What’s the culture like at Purdue College of Engineering?
I have worked at and visited many universities during my career. What makes Purdue and our college unique is the level of collegiality, which promotes collaborations (cross-, inter- and multidisciplinary work) and serves as a remarkable source of inspiration. I love my colleagues; they support, promote, help and encourage one another, and they celebrate others’ success as their own. That’s what makes us strong, and pushes the boundaries of fields so we go “beyond.” Merging the virtual and physical worlds is one example of what our college is pushing toward.
What’s your philosophy of teaching?
It’s about igniting excitement, and the desire to learn more. I seek to be a role model to inspire and challenge. All the students and postdocs on our photonics team know that we want to change the world. As my dear husband and colleague Vlad Shalaev says, “If we do not aim that our work will one day go into textbooks, we are not interested in such research.” Aim high, break boundaries, strive for the very best. Do not settle for incremental work.
Is there one big question in particular that you would like to answer in your intellectual journey?
It would have to do with the creativity of AI. Could AI help us to uncover new physics, and new fundamental effects? If AI could create something beyond what humans can imagine, would we even be able to grasp and understand it?

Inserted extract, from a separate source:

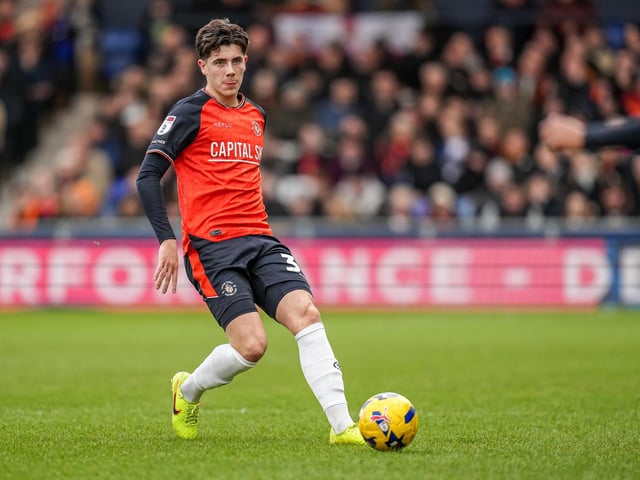 One of three players who was around Colwill, but unable to prevent the City forward from picking out Turnbull to easily break Luton’s slim resistance and open the scoring. Popped up in midfield on the odd occasion when Luton occasionally threatened in the first period, but it didn't really ever lead to anything meaningful. After the break, Town had more of the ball, although Cardiff were able to keep the visitors at arm's length, as he was replaced midway through by Morris to try and pep up the Hatters' forward options.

Where are we headed in the convergence of nano and quantum engineering and AI?
Engineers will be working together with machines to discover and design new fundamental effects, new materials, and novel devices for real-life applications.
Any words of advice to young people with an interest in engineering?
Dream. Dream big. Then engineer to make dreams come true. Never stay too narrowly focused, too zoomed into your problem. Keep a horizon open, but do not spread yourself too thin. Become the best of the best in what you do, and at the same time think outside the box. Dare. Break boundaries. Interact with entirely different professionals, and get inspired not only by science and technology but also by art and humanities.
Would you be willing to share with readers a little-known passion or fact about yourself?
Poetry. My poems are written in Russian. But I do not “write” them per se. Poems “happen” to me. I would never say that I write poetry; poems just descend onto me, or occur. And often at “inappropriate” times — when I am rushing to catch my plane, suffering pain, or fighting insomnia, when words and lines torture me, swirling in my head until I get up and write them down. I never could “sit down and write a poem.” Poetry is just part of my life — the same as strong emotions, such as joy or despair, or a rainy day.